How Never “Fitting in” Has Made Me a Natural Leader

Carter Pochynok
On Breaking the Mold
10 min readOct 22, 2019

Growing up, I never fit in and to this day I’m sure most people consider me something of an iconoclastic weirdo. My difference from most of society boils down to two things from my point of view:

My startup; Our platform is still under construction here: https://mobiusaudio.live

For starters, I’ve always had a unique personality type that many find difficult to interpret if they don’t know me well enough to understand the way I think. I can’t tell you how many times I’ve had miscommunications because of the assumptions others have made about what’s apparent in my words or actions. According to the Myers-Briggs personality test, I’m an INFJ-T type personality. The rarest of all personality types. Having issues with CPTSD and the social anxiety that comes with it certainly doesn’t help my issue with relating to others “properly”.

Second, I’ve had a uniquely difficult path that has served a dual purpose: both to test my strength in ways many people could only imagine and to alienate me from the feelings of being connected with society at-large. When I was five my mother violently divorced my father for a registered sex offender, and then spent first grade being smuggled across a state line weekly to avoid the appearance of violating a divorce agreement for visitation rights after my mother moved out-of-state. At the end of that school year, I was raped in a bathroom stall by another student only to be brushed off because the story was too incredible coming from an eccentric first-grader. To top it off, three months later my mother passed away at police hands while she and her pedophile fiancee tried to murder my father in his own home to end the custody battle for my sister and I.

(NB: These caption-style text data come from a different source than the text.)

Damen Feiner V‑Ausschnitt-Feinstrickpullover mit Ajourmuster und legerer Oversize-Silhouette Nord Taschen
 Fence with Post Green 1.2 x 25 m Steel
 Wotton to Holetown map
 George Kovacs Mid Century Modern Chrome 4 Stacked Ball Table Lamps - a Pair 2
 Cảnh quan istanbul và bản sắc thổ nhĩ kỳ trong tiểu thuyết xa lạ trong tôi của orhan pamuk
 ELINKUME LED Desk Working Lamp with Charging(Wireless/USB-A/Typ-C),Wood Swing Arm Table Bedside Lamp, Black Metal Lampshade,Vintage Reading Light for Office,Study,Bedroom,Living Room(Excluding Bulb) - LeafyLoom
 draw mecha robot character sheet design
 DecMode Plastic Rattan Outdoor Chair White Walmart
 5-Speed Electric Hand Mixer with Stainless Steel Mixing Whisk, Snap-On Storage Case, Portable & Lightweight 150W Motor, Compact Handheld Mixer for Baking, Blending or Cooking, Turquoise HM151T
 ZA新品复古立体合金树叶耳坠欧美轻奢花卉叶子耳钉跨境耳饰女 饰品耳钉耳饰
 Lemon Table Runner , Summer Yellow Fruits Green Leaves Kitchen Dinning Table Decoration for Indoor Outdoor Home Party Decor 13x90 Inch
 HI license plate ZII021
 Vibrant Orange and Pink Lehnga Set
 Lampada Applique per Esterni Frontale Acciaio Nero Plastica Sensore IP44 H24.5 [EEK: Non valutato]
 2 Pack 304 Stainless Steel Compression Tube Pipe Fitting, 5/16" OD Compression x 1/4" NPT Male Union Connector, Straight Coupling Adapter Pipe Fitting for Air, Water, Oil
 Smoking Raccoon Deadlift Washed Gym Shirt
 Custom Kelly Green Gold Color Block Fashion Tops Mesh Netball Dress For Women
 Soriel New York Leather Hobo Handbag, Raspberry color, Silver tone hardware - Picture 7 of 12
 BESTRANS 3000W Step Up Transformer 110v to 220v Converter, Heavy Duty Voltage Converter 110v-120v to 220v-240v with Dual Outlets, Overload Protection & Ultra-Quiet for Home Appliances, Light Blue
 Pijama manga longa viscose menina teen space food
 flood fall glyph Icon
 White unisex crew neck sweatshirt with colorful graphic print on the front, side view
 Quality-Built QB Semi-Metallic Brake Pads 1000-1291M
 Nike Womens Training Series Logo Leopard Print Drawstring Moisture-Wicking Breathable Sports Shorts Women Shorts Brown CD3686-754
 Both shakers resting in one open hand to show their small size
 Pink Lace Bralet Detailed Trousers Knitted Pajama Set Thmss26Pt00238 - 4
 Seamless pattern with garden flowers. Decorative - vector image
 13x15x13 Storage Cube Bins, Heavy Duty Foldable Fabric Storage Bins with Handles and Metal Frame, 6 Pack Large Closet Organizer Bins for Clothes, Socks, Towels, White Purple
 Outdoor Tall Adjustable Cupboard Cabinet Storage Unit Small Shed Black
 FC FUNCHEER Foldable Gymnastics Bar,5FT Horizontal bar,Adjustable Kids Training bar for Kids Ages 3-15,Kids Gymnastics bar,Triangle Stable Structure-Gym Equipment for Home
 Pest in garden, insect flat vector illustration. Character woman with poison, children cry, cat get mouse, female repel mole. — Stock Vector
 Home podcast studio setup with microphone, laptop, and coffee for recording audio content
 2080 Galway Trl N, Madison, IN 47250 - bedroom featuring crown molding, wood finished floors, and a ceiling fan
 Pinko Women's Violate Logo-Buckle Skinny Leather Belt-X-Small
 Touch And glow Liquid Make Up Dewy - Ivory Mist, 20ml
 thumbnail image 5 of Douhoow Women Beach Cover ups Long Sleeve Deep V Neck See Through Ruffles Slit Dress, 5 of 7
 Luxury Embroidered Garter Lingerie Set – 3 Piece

Most citizens of the first world can’t really relate to the experiences I detail above… especially not when you consider I had gone through all of this by the age of seven. I don’t say this to downplay the struggles of others at all. We all have our own path to walk in life and we all deal with these traumas differently. But, for you to understand who I am now its entirely necessary to understand who and what I come from because I’m certainly a special blend. If you look at it through a purely psychometric lens, I may very well have ended up being some sort of psychopathic criminal if I had made some of the wrong choices and kept some of the wrong people in my life.

Struggling to Find Myself

My father and I have never seen eye-to-eye, even from a young age. We were always very different in all the right ways and similar in all the wrong ones. We’re both extremely tenacious and determined personalities. We are the two most stubborn people I’ve ever met in my life and when we want something, we pursue it with an unrivaled single-mindedness. These qualities make he and I strong leaders in what we pursue, but they also tend to create lots of opportunities for conflict when he and I hold very different outlooks on life.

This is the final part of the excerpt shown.